As long as the Manchester teams continue to perform as well in the Premier League and Europe over the next 20 years their contribution to the local economy could be worth in excess of £2.5bn to the conurbation.
Sir Richard Leese, leader of Manchester City Council, said: "It's clear that Manchester's two table-topping Premier League clubs and its host of other clubs make an enormous contribution to the life of the city. In a global environment where we are competing with cities around the world for investment and jobs, this is an enormous competitive advantage.
"As this report makes clear, football also brings a considerable number of visitors to Manchester so whatever your allegiances the success of our clubs is a big win for our economy."
Mike Emmerich, chief executive of New Economy, said: "Whilst we have a good measure of the impact of football through its fan base and television viewing figures, its overall economic contribution hasn't until now been fully quantified."

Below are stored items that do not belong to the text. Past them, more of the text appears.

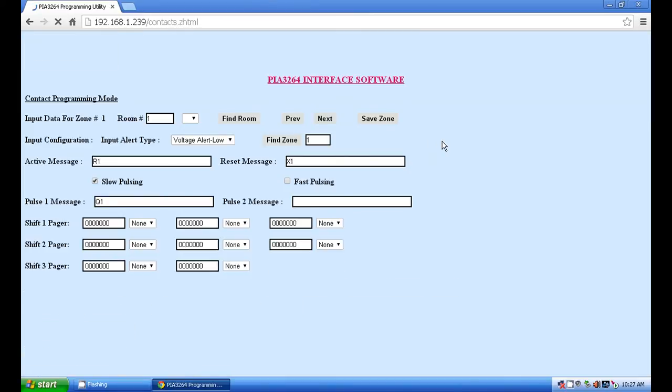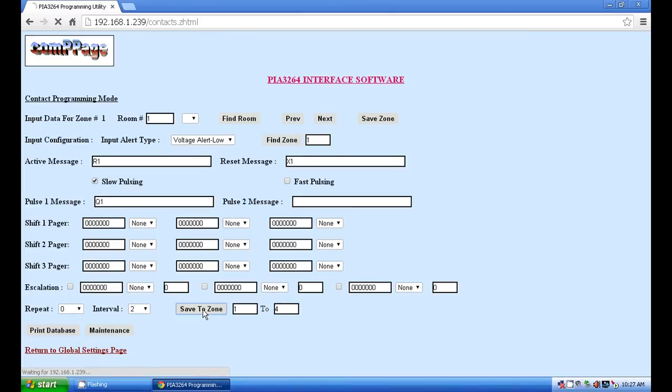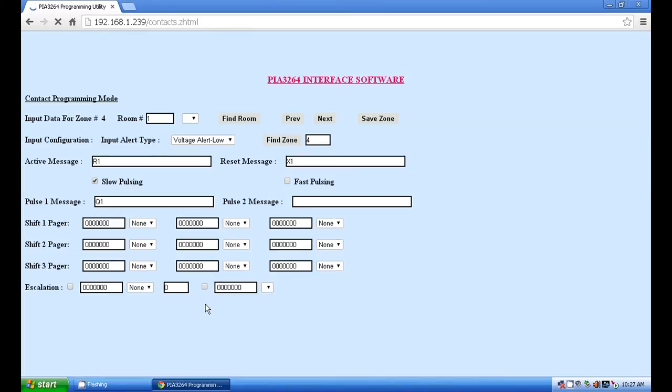In order to use zone 1 as a template for the remaining zones, in the save to zone section, change the to box to reflect the number of points to be programmed. Click save to zone and the window will display the last zone entered. In this case it is zone 4.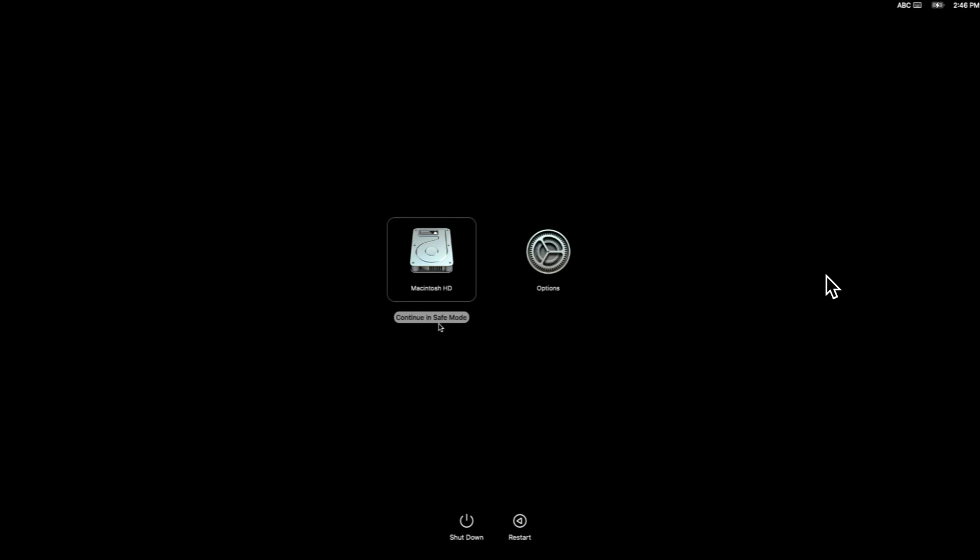But to get into safe mode, all we need to do is hold down shift and then you'll see that the selection screen has changed to continue in safe mode. Keep holding that down, bring your mouse over, and then click on that. You'll see that it starts to spin. The Mac is going to now reboot and then boot you all the way up into safe mode.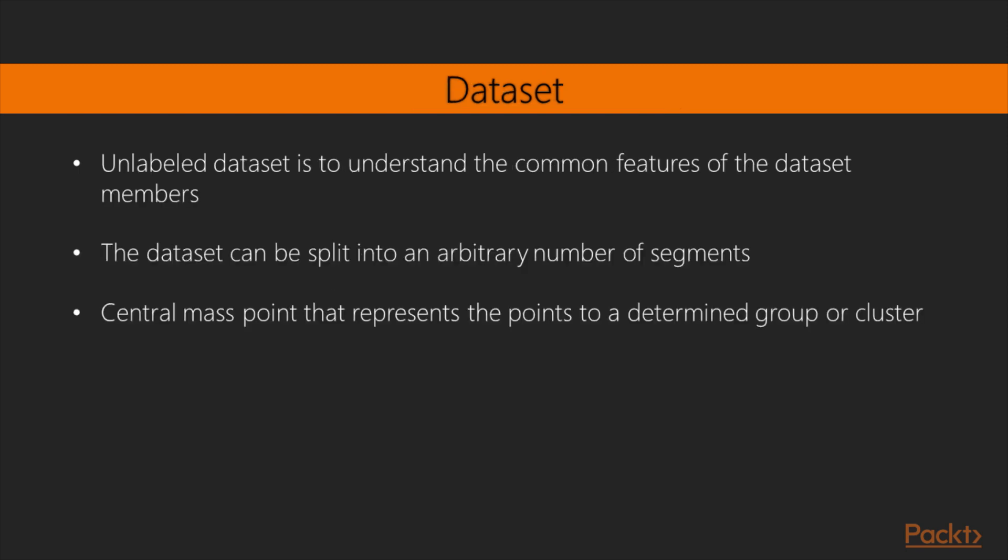One of the simplest operations that can be applied to an unlabeled dataset is to try to understand the possible groups of the dataset members' common features. To do so, the dataset can be split into an arbitrary number of segments, where each can be represented as a central mass point that represents the points belonging to a determined group or cluster.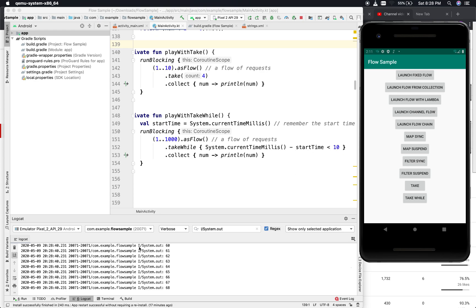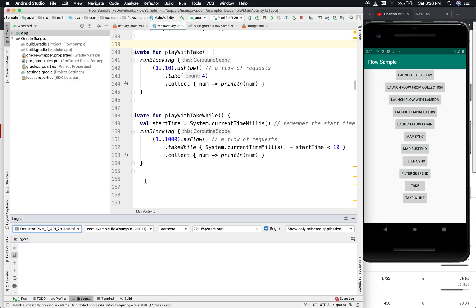That's it for this video. We discussed the map, filter, and take operators. In the next video, we'll look at zip, combine, and conflate operators. Please subscribe to the channel Take Your Time. Have a good day, see you in the next video!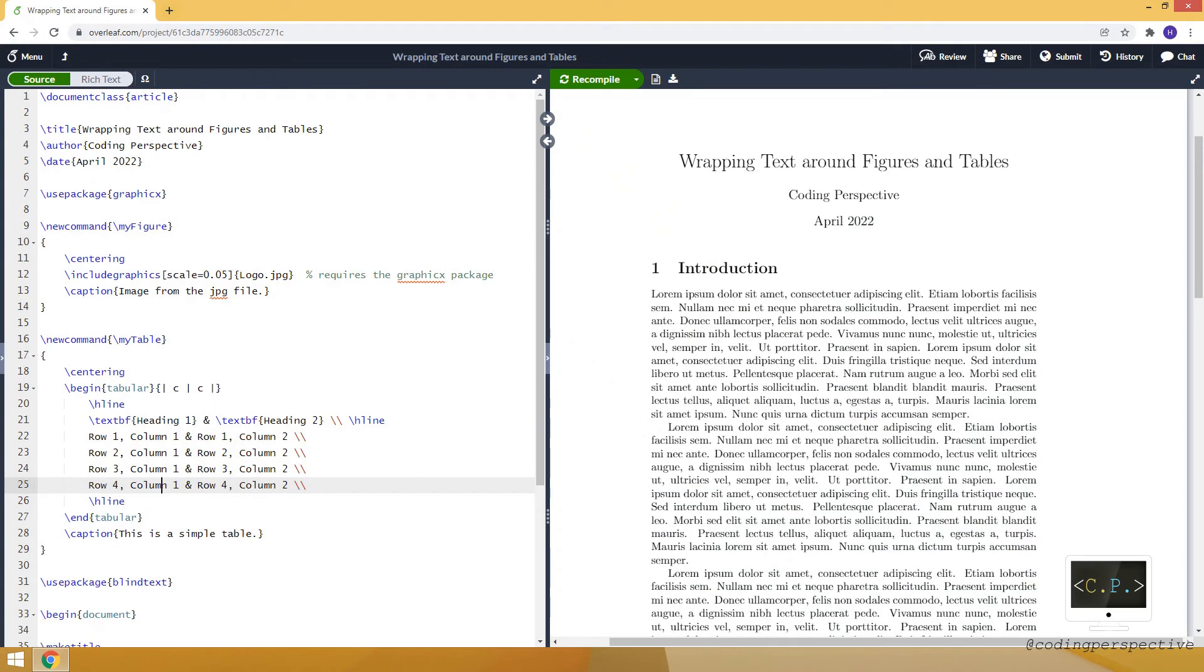Hello guys, in this video I will show you how to wrap text around figures and tables in LaTeX.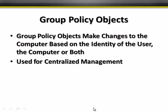How does the computer know whether to make that change? It's based on either the identity of the user, the computer, or both. When we say identity, it really means where that user or computer account is located within the Active Directory hierarchy. And of course, the goal is centralized management.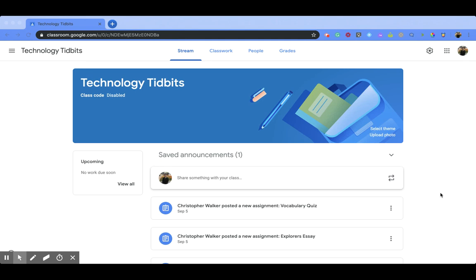Hi everyone, I'm Christopher Walker and today we're going to be talking about some of the communication options that you have within Google Classroom.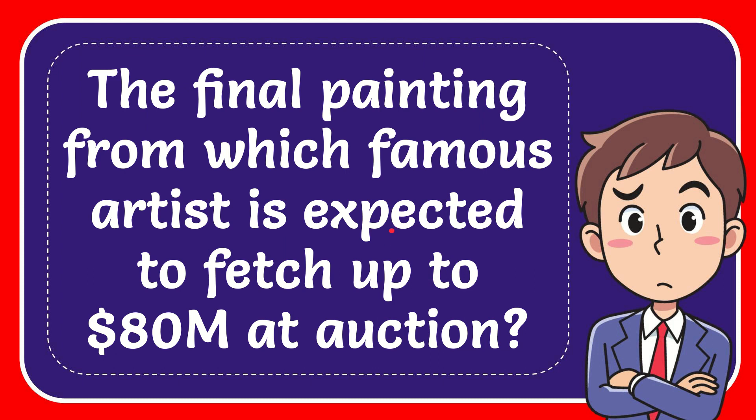In this video, I'm going to give you the answer for this question. The question is: the final painting from which famous artist is expected to fetch up to 80 million at auction?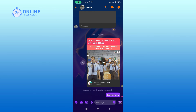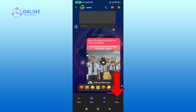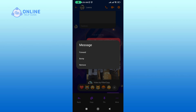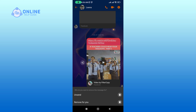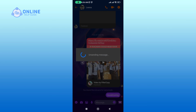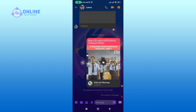Tap and hold on the conversation that you want to delete, then select the three horizontal dots. Now tap on the Remove option. To delete the conversation from both sides, tap on the Unsend option.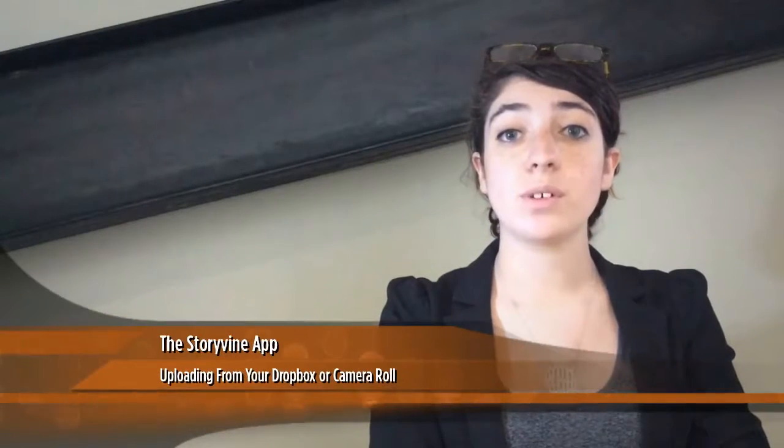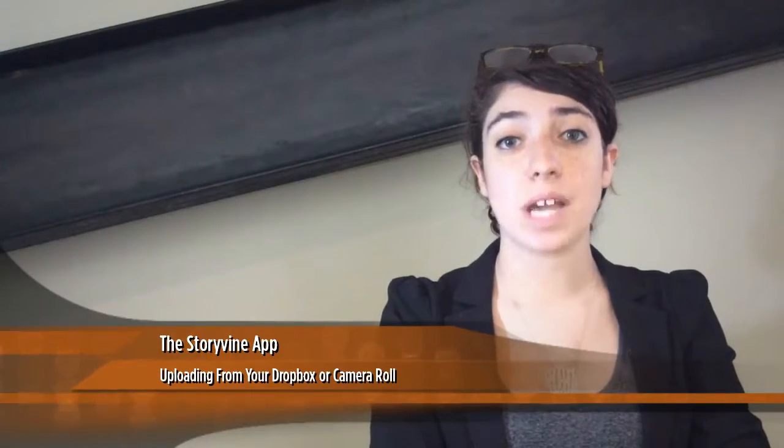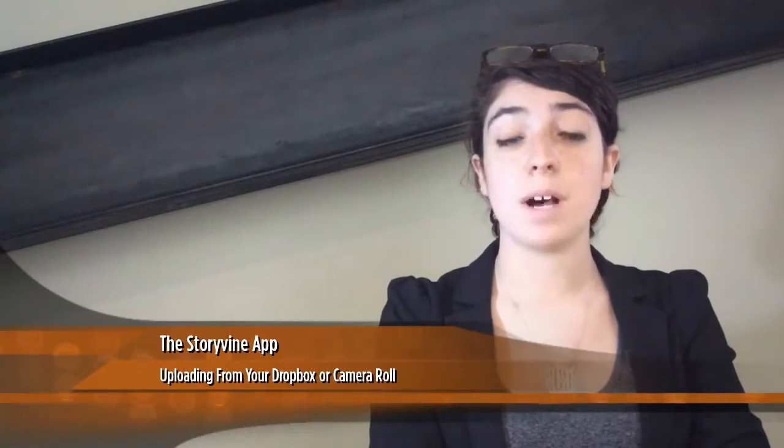Hi, I'm Molly Kelly and I'm here at Storyvine headquarters. I'll be showing you how to upload a photo or video from your camera roll or Dropbox.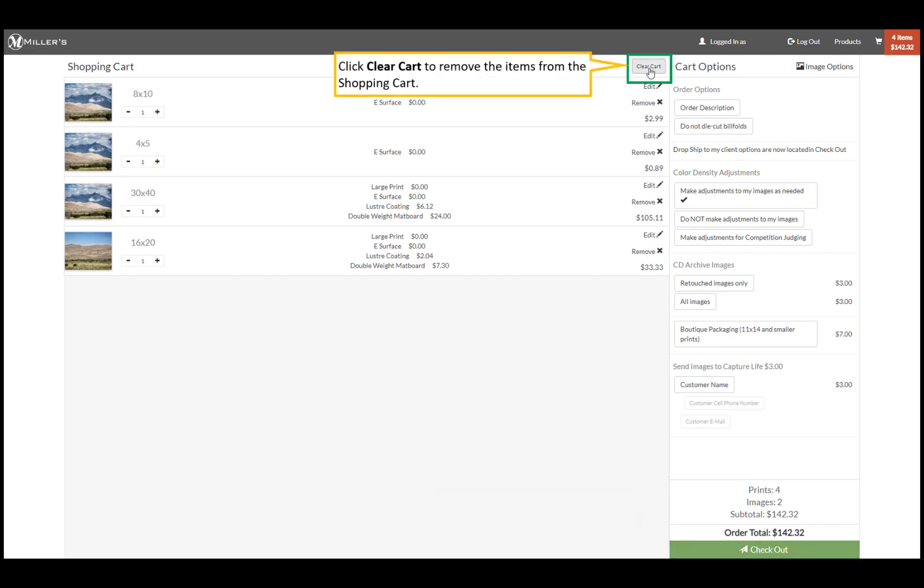One final note: at any point you can go to the shopping cart and clear the cart to restart your order.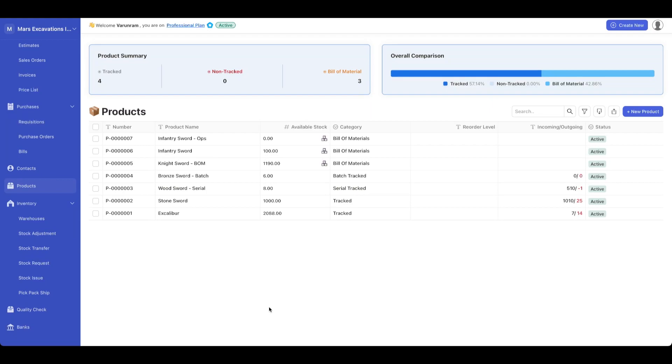In today's video, we're going to see how inventory tracking, raw materials, bill of materials, work orders, and production scheduling work in Deskera.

According to the report's authors, the clubs also play a major role "in supporting and running social and community projects and educational initiatives such as Kickz. Greater Manchester's high levels of volunteering and provision of football facilities are clear indicators that football, at all levels, provides a common ground for communities."
The share of Greater Manchester's economy resulting from football is considerably more than in other cities where comparable estimates have been made; in absolute terms it is approximately eight times more than estimated in Glasgow and almost six times more than the economic impact of Swansea City that was estimated in January 2013.
The report highlights the importance of TV coverage. The audience for Premier League football is the largest of any football competition in the world; the total TV audience for the Premier League in 2010/11 was 4.7 billion, compared to 3.2 billion for the 2010 World Cup with over 50% of these viewers watching Manchester United games.
The total global audience for the May 2012 Manchester derby was estimated at 600 million people, adding to the massive advertising value to 'Brand Manchester' provided by the clubs which is estimated as "likely to have been worth in excess of £1 billion over the 21 years of the Premier League."
The report also analyses how internet and social media around the elite football clubs present Manchester to the world with, for instance, Wayne Rooney and Rio Ferdinand having 5.4 million and 3.5 million followers on social networks respectively.
Football is an important tourist attraction with average occupancy rates of hotels on matchdays at 85% compared to 70% on non-matchdays. The role of football in attracting tourism to Greater Manchester is also larger than in the rest of the UK with The National Football and the Manchester United Museum both playing a role.
Football also helps attract business tourism and the report recommends building on the tourist opportunities of the clubs, including packaging the stadium and museum tours with the National Football museum, and of promoting the conurbation's football credentials to new markets. The report also praises community engagement schemes at the clubs and recommends developing Manchester's football focused media cluster.